Кроме того, религия заключает в себе следующие психологические черты:
Она придает жизни новую прелесть, которая принимает форму лирического очарования или стремления к суровости и героизму.
Она порождает уверенность в спасении, душевный мир и вливает силы в чувство любви.
Когда я иллюстрировал эти черты документальными цитатами, мы имели непосредственно дело с живым чувством. Перечитывая все, до сих пор написанное мною, я был поражен подавляющим количеством эмоционального элемента в этой книге. Поэтому, в остающейся небольшой части ее, я позволяю себе быть суше и трезвее.
Причина преобладания эмоционального элемента в большинстве приведенных цитат заключается в том, что описываемые в них переживания относятся к числу исключительных. Если среди вас есть люди враждебно настроенные к тем проявлениям человеческого духа, которые предки наши заклеймили словом "экстравагантность", то они, вероятно, осудят меня за односторонний подбор материала; и верно, было бы приятнее, чтобы приводимые мной примеры были более обыденными. Я отвечу им, что я преднамеренно выбирал исключительные случаи, так как полагаю, что они наиболее поучительны и интересны. Когда мы хотим узнать тайны какой-нибудь науки, мы обращаемся к специалистам в этой области, хотя бы они и были эксцентричными людьми, а не к средним обыкновенным людям. Мы сочетаем сказанное ими с суммой остальных наших сведений и уже самостоятельно приходим к определенному мнению. Так же обстоит дело и с религией. Мы проследили самые резкие и крайние проявления ее в человеческом духе и теперь можем быть уверенными, что доподлинно знаем ее настолько, насколько вообще может обладать ведением о ней тот, кто знает ее не непосредственно, а из вторых рук. Каждый из нас должен дать сам себе ответ на практический вопрос: какими бедами грозит нам эта сторона жизни? и насколько следует подавлять ее путем усиления иных элементов, чтобы создать нормальное равновесие?

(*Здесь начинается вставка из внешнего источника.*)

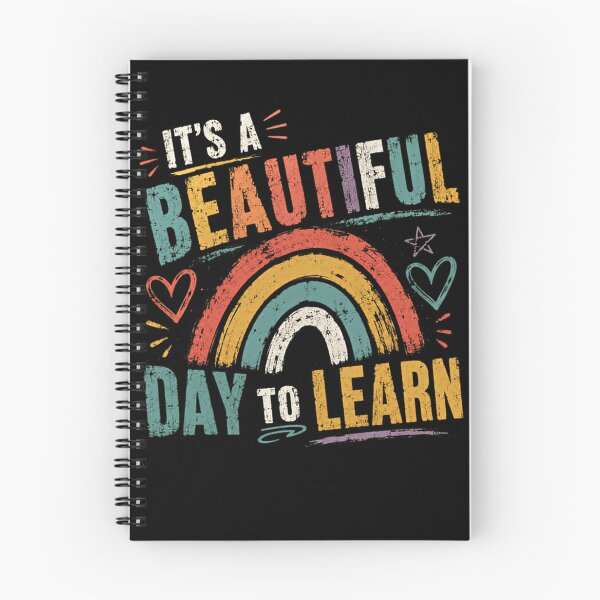 Item preview, It's A Beautiful Day To Learn Teacher Education Student School Learning designed and sold by HumansStuck12.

Этот вопрос влечет за собою другой, на который я хочу немедленно ответить и этим самым покончить с ним, так как он уже неоднократно вставал перед нами [312] . Можно ли утверждать, что сочетание религии с другими элементами жизни дает у всех людей одни и те же результаты? Можно ли утверждать, что в жизни всех людей заключаются одни и те же религиозные элементы? Иными словами, нормален ли или нет тот факт, что существует так много религиозных типов, сект и вероучений?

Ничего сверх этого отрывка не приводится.